**PROBLEM DETAILS**
If a line in the data below holds the word "Used", include it in the count. Give only the final number.

-- RECORDS SUPPLIED follows --

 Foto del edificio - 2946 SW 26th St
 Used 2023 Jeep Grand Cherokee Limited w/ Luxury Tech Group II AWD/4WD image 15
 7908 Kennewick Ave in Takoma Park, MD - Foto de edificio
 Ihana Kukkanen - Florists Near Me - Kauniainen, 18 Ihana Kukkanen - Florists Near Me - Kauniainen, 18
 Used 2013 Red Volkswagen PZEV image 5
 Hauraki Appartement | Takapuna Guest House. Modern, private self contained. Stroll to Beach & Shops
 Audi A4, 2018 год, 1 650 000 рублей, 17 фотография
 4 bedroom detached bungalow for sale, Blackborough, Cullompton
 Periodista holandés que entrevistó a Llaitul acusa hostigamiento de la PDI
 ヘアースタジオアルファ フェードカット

-- RECORDS SUPPLIED concluded --

**TASK SOLUTION**
2